Task details -> Copy nothing but the lines from the opening of the entries through the line that contains "You have to take", exactly as written. Drop the pictures.

[Stored data]
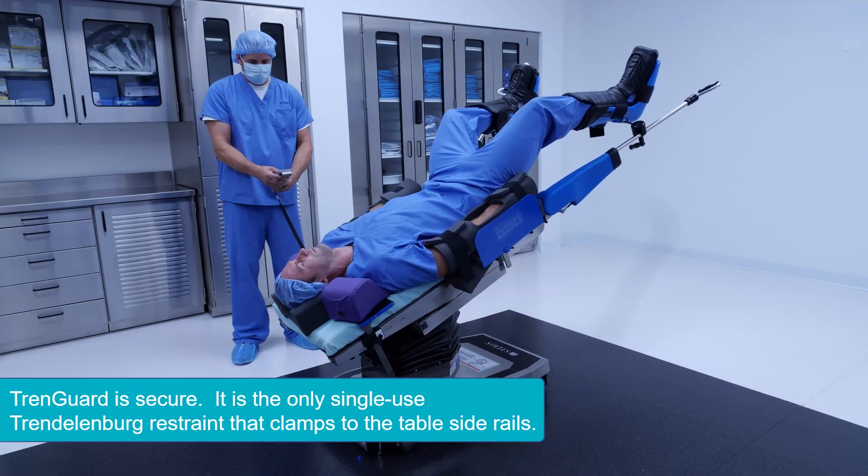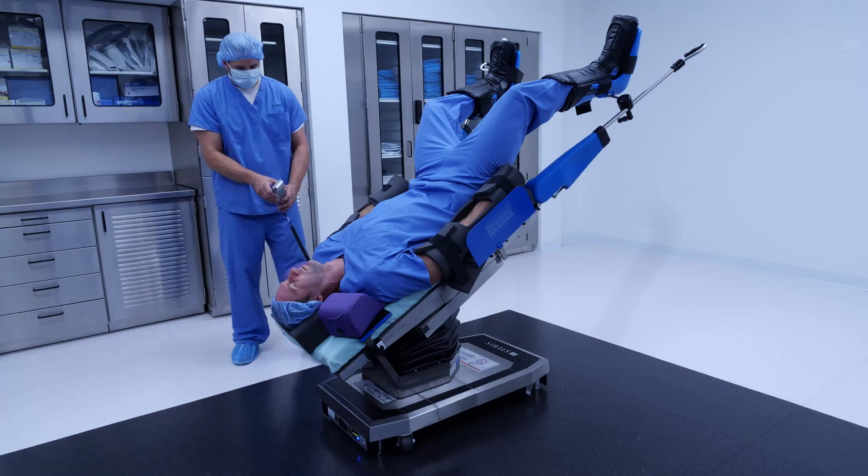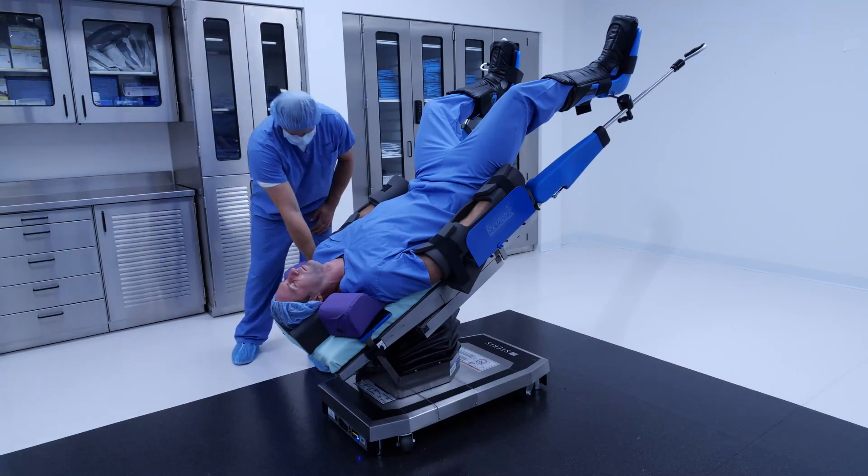TrendGuard is the only single-use Trendelenburg restraint with a hard connection to the table side rail. Other devices utilize a soft strap, which can slip on the rail and slide down the table.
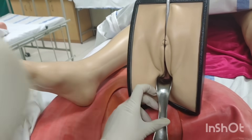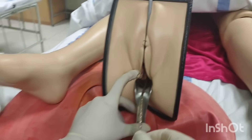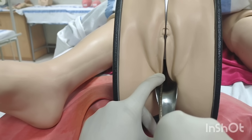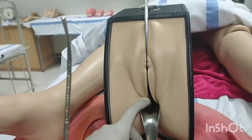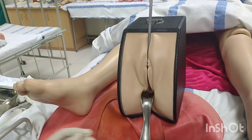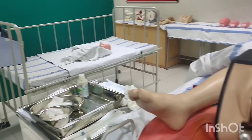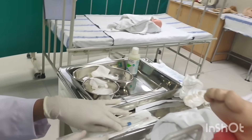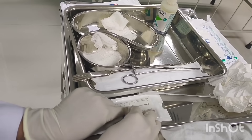You have to take this uterine sound and take it into the uterus, measure the resistance where it is felt, move it outside, and mark the size. According to that size — for example 7 cm — you have to measure and, on your copper T, fix that size by moving this stopper.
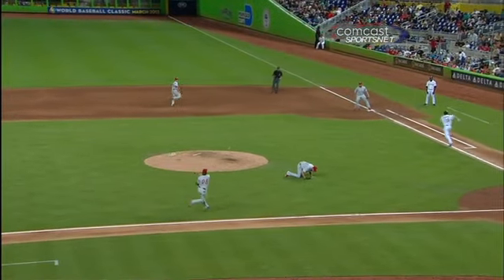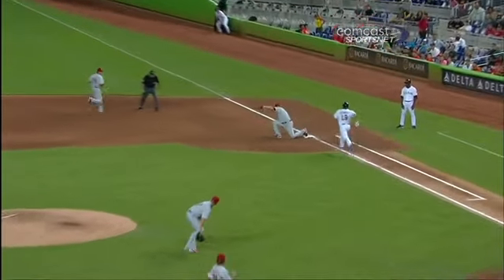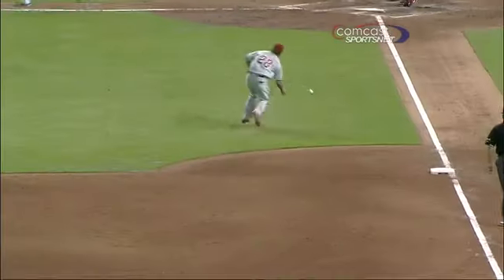Francis showed a little bit of range coming in and bare-handing that ball. Those are always do-or-die — you're coming in there bare-handing the ball. Take a look as he whips it over to first base. And no big deal for him at all.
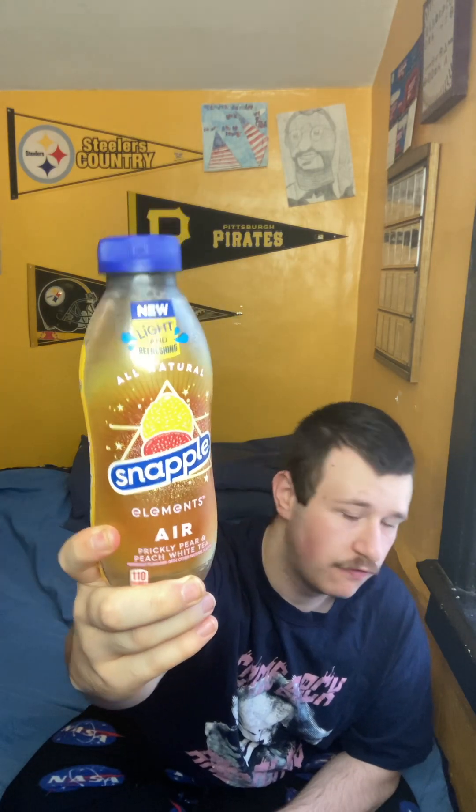There's actually four of these: there's Air, Water, Earth, and Fire. Unfortunately, I was only able to find Air at my Dollar General.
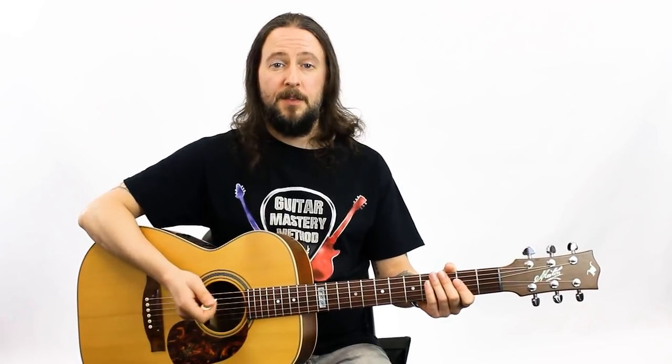Where do you start with strumming patterns? If you're playing along to a song, it's going to have a certain pattern to the strum. How do you learn those? In this video today, I'll get you started with strumming.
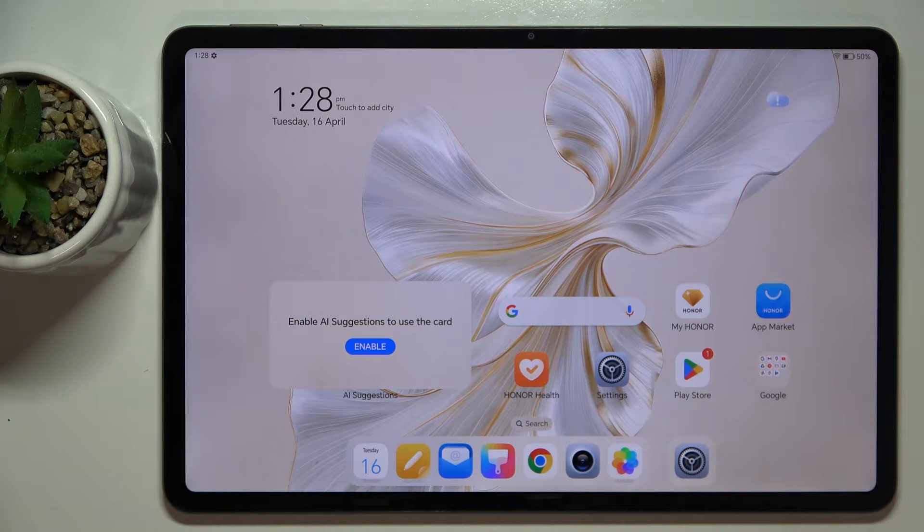Welcome guys. In front of me is the Honor Pad 9, and in this video I'm going to show you how to turn off Google Assistant on this device.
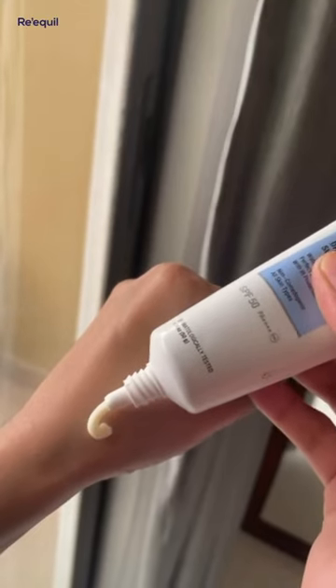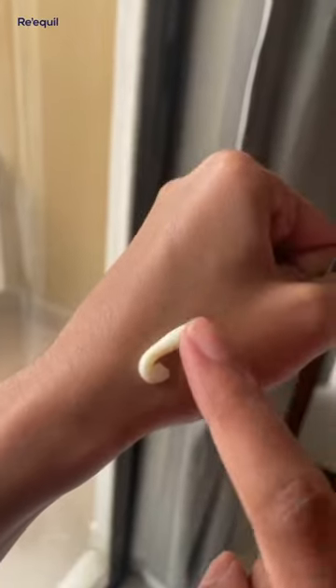It has SPF 50 with PA++ rating, of course a broad spectrum, and it's sweat and water resistant. It's ultra matte, which means it's not going to make your skin look greasy. It gives your skin that velvety finish and is also perfect under makeup.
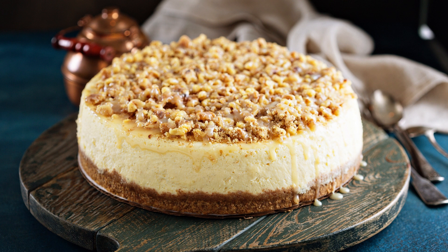Pour the brownie batter into the prepared pan and smooth the top with a spatula. In another bowl, beat the cream cheese and sugar until smooth. Add in the vanilla extract and egg, beating until well combined.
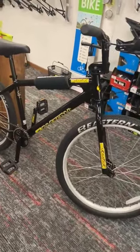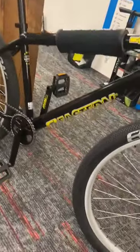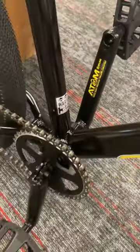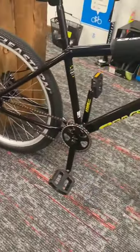Hello everybody, Chris Walker, Walker's Bike Shop. Look at this cool bike — this is the Eastern Big Ripper. 26 by 2.2 tires, all sealed bearing hubs, nice sealed bearing three-piece crank, a one-by, all aluminum frame.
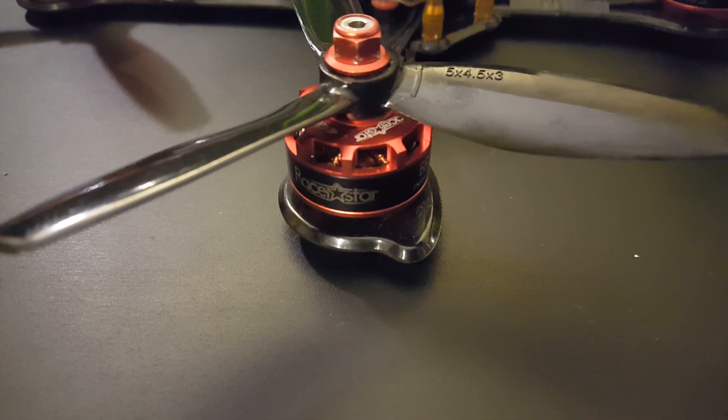Hi guys, welcome back to my channel. Today I want to talk about the RacerStar motors — these are the 2306 2400KV motors. We recently put them on the iFlight frame and I've been flying them around. They were so good that I had to make a video to tell you guys. They were keeping up with the EMAX 2306 2400KV motors. If they were tuned exactly the same, I wouldn't be able to tell the difference. Durability I can't speak to yet, but I've had tiny crashes and they're still holding up fine.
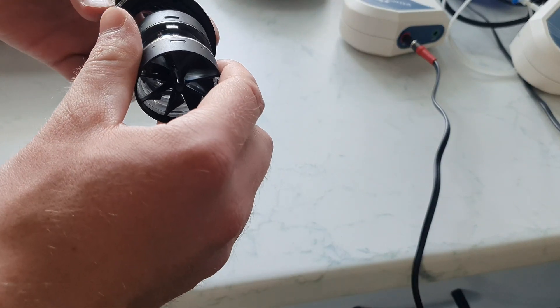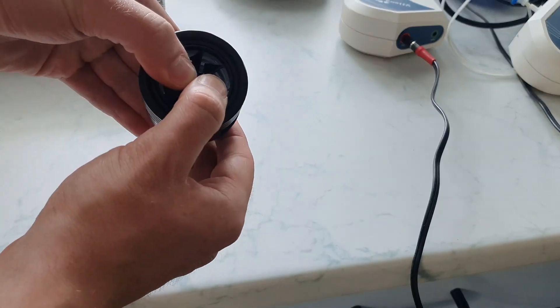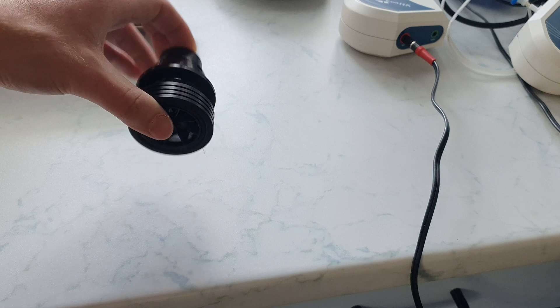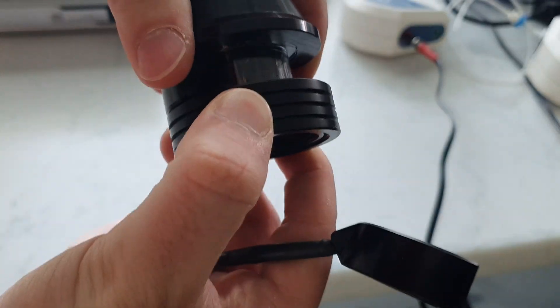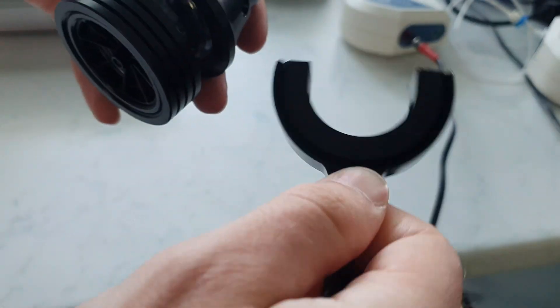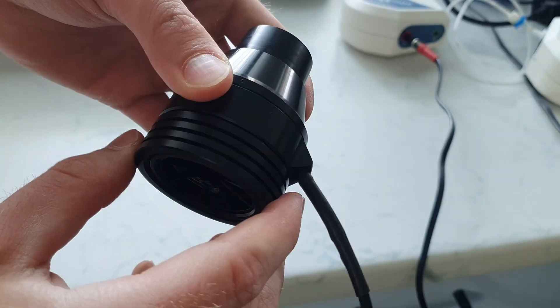Here the turbine is inserted into the turbine adapter. The turbine must be inserted with the grill first. It is important to insert the turbine firmly enough and completely. The turbine adapter has a mechanism with which the turbine can be fixed; the fixation should work without high force and is secured with a 180-degree rotation.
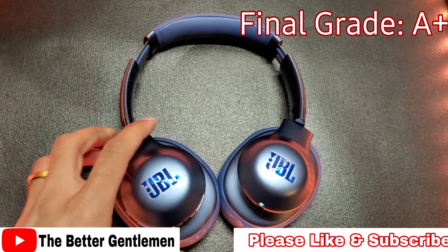If you guys have any questions about these, you can leave them down below in the comments. If you liked this video or found it helpful, please give it a thumbs up. For more content like this, please be sure to subscribe. I'll see you guys next time.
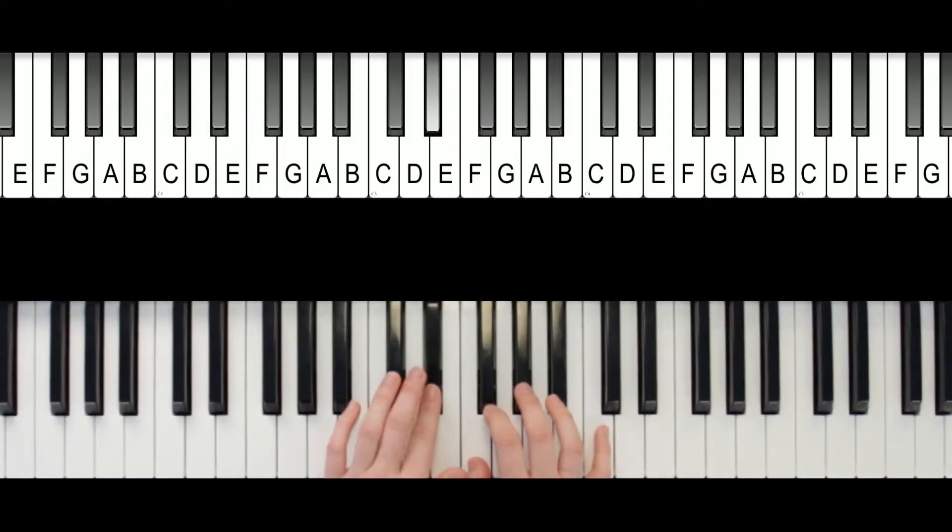Alright, so the notes for these are E flat, F, A flat, and C.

Solution to the problem ->
TrendGuard is the only single-use Trendelenburg restraint with a hard connection to the table side rail. Other devices utilize a soft strap, which can slip on the rail and slide down the table.
You have to take this uterine sound and take it into the uterus, measure the resistance where it is felt, move it outside, and mark the size. According to that size — for example 7 cm — you have to measure and, on your copper T, fix that size by moving this stopper.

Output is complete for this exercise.